This idea could be extended. Even with automated testing, current systems are probably too complex to test completely in any reasonable time, but computer power is cheap, so monitoring system outputs for unusual patterns is possible. If a program is routinely selling televisions online for £400-£4,000, for example, it could take corrective action, typically alerting an operator, if TVs suddenly appear at £4.
This does not replace proper testing, but intelligent system design could limit the impact of unavoidably limited testing resources–or fraud, or data entry errors.
One could imagine a pattern matching program continually checking outputs for unusual patterns indicative of system defects. It is unlikely that such a program would be allowed to automatically correct defects, but this is a plausible approach to managing the impact of systems complexity on conventional testing overheads.

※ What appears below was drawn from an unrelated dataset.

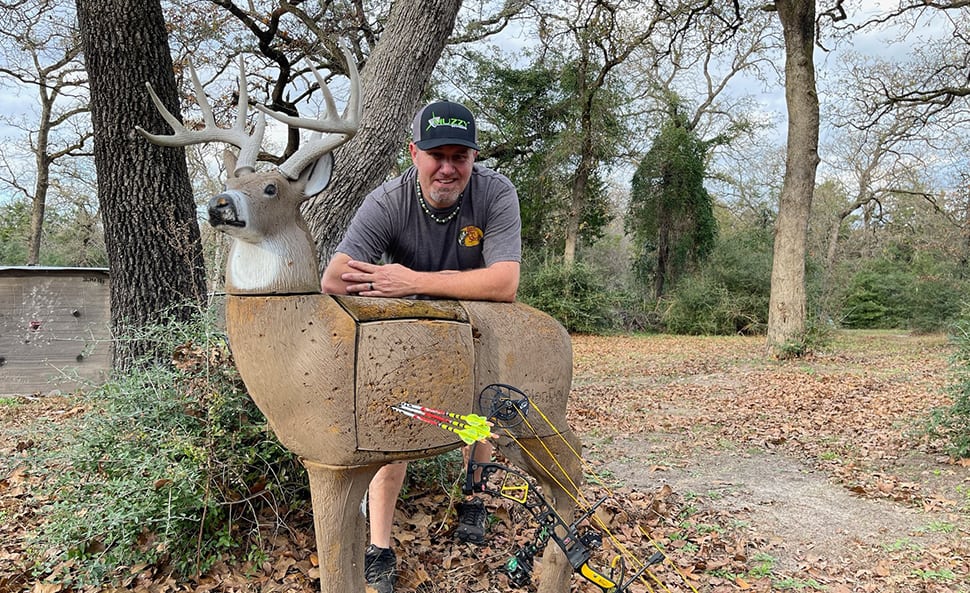 GlenDel guy showing off his shots on a stationary deer target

Perhaps a more immediate approach to controlling software defects is the exploitation of mathematically based development methods and tools to produce provably correct software components for building systems. The use of such methods for significantly sized systems was described to the BCS Bristol Branch recently by Roderick Chapman of systems consultancy Praxis. A key finding was that the use of formal proof was easily cost-justified: developing a formal specification took 5% of the project effort and found 3.25% of the faults, but proving this specification then took only 2.5% of the effort and found 16% of the defects. Against this, unit testing also found 16% of the defects found, but took 10 times the effort (25%).
Testing is expensive–but then so are defects in production systems–because it requires intellectual resources to design a test plan that will find defects efficiently, and because running tests takes system resources that could be used for business.
Automation cannot help much with designing clever test plans yet. However, it can allow testers to concentrate on designing test plans that will wheedle out more defects rather than on coding test cases: a test specification can generate many tests. Nevertheless, even with automation you still need skilled testers, with different thinking to that of developers.
Automation cannot design a structured test suite, nor can it do more than hint that testing might have finished. A person still has to decide what defects are unacceptable and whether all significant defects in the program have been found, with some degree of confidence–or merely all the defects that a limited test plan is capable of finding.